Comment avez-vous évolué dans votre parcours professionnel, en particulier en 2021?
Avant 2021, je me suis spécialisé dans l’innovation en Afrique, collaborant avec Fabernovel et contribuant à leur centre de recherche. Cette expérience, axée sur la découverte, m’a permis d’explorer les potentiels technologiques pour résoudre des problématiques de développement. En cette année, ma passion chevillée au corps, j’ai été soutenu financièrement par Sciences-Po et présenté à la Fondation Mastercard qui a exprimé son intérêt pour mes travaux. Cela a ouvert la voie à un projet de recherche dans 13 pays africains, visant à étudier les écosystèmes des startups pour comprendre leur construction, les mécanismes nécessaires, et pourquoi ils prennent des formes différentes.
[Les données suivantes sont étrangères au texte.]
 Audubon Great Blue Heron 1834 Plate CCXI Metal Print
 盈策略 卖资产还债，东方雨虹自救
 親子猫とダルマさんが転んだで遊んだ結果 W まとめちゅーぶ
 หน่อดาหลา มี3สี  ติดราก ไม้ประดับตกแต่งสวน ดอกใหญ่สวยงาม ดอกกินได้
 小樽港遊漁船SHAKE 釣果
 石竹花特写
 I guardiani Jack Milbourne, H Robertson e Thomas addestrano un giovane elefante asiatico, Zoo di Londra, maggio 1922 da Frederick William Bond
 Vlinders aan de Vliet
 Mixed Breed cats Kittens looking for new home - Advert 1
En 2023, j’ai consacré environ 6 mois à rassembler les données, définir l’angle de ma publication et fixer les objectifs. J’ai finalement publié un rapport détaillé intitulé «Discovery Report.Sendemo.org», du nom de mon entreprise.
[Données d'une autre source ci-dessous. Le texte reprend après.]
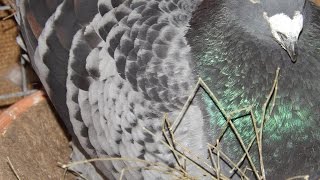 Top 3 Racing Pigeon Bloodlines in USA [upl. by Chivers793]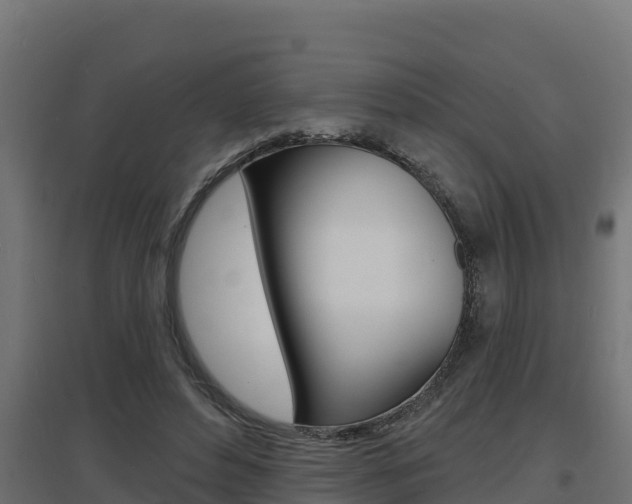 X0000097670496200802290949
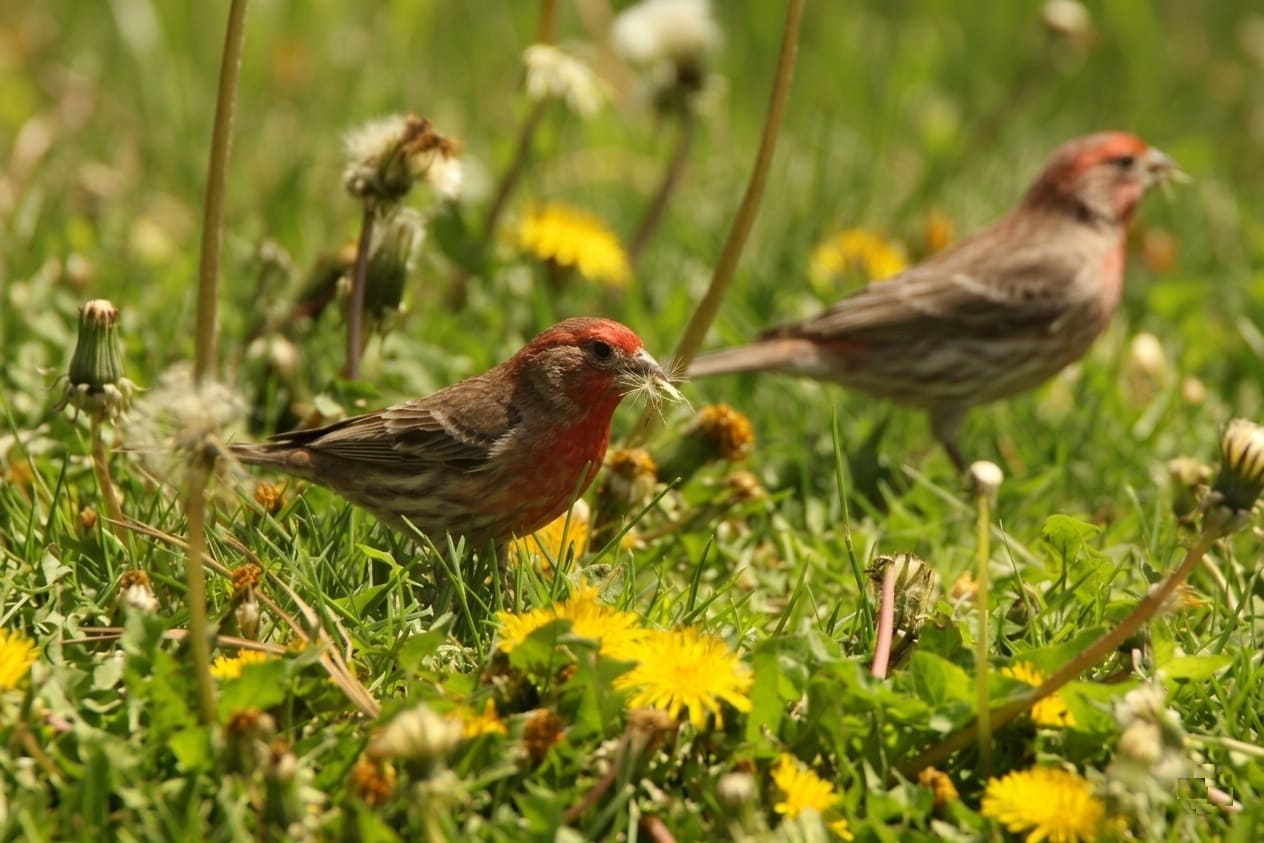 dandelions feed birds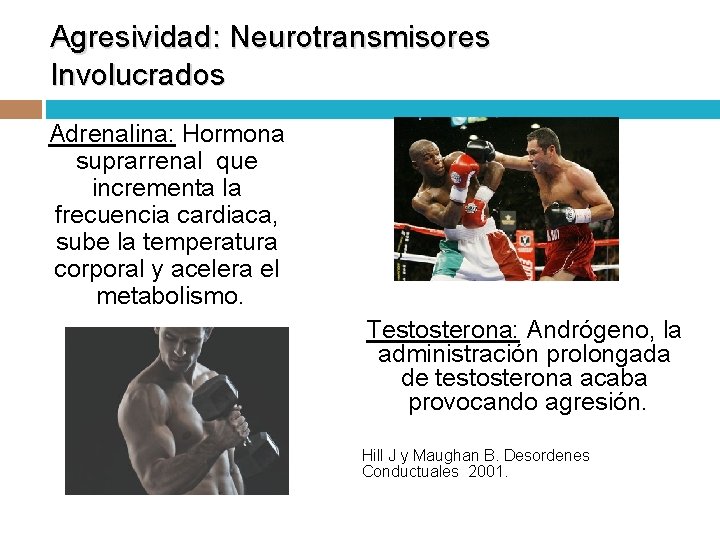 Agresividad: Neurotransmisores Involucrados Adrenalina: Hormona suprarrenal que incrementa la frecuencia cardiaca, sube la temperatura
Comment analysez-vous actuellement l’écosystème africain dans son ensemble?
Il est essentiel de comprendre que l’écosystème africain ne peut être appréhendé comme une entité unique. En réalité, chaque pays, voire chaque ville, abrite son propre écosystème, et les dynamiques clés se déploient à l’échelle locale. Actuellement, seules l’Afrique du Sud et l’Égypte comptent plus d’un écosystème, les autres pays se centralisant généralement dans leurs capitales.
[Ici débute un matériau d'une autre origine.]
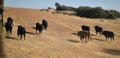 A strong spanish black bull on the cattle farm Royalty Free Stock Photo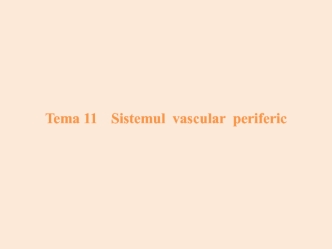 Sistemul vascular periferic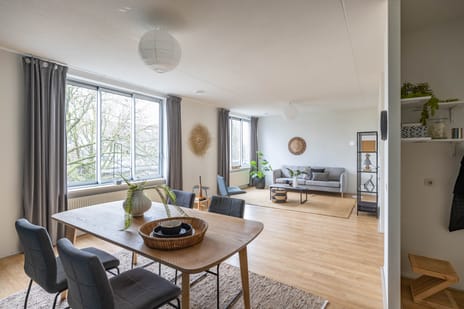 Linnaeusplein thumbnail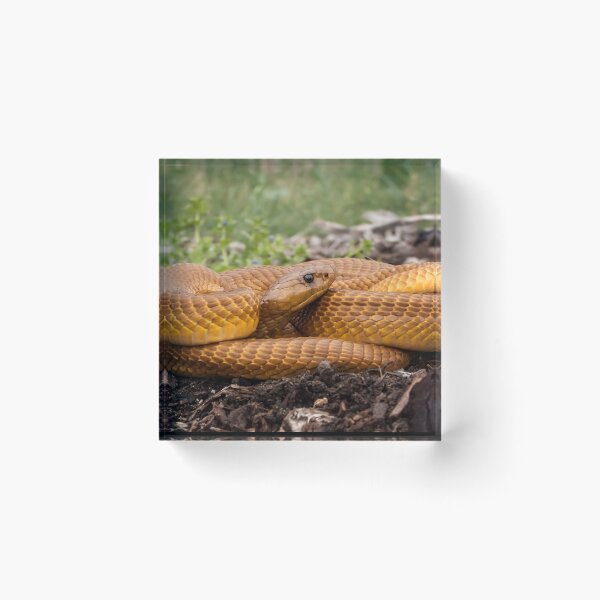 Item preview, Cape Cobra (Naja nivea) designed and sold by Pixel Press Prints.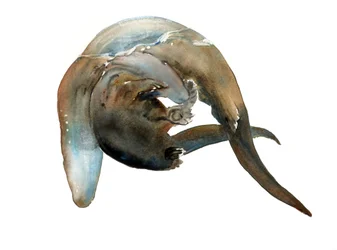 Título desconocido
La conception de ces écosystèmes est largement influencée par le modèle américain, mettant l’accent sur la nécessité d’un «scale» et d’«exits». Dans des pays relativement petits et fragmentés avec des économies fragiles, atteindre cette échelle devient un défi.
Il est important de noter que, jusqu’à présent, aucune entreprise n’a réussi uniquement en s’étendant en Afrique. Le secteur des télécommunications est le plus proche de cet accomplissement, bien qu’il diffère considérablement du monde de la tech, de l’innovation ou des startups.
Quelles sont les dimensions qui impactent ces écosystèmes?
L’écosystème building est souvent simplifié à une échelle régionale, comme l’Afrique francophone. Cependant, il est vital de reconnaître les différences profondes entre des pays comme la Tunisie, le Maroc, le Bénin, le Togo, le Burkina Faso, le Mali, le Sénégal… qui ont des histoires distinctes. Un programme unique pour autonomiser les femmes entrepreneures en Afrique francophone ne serait pas pertinent.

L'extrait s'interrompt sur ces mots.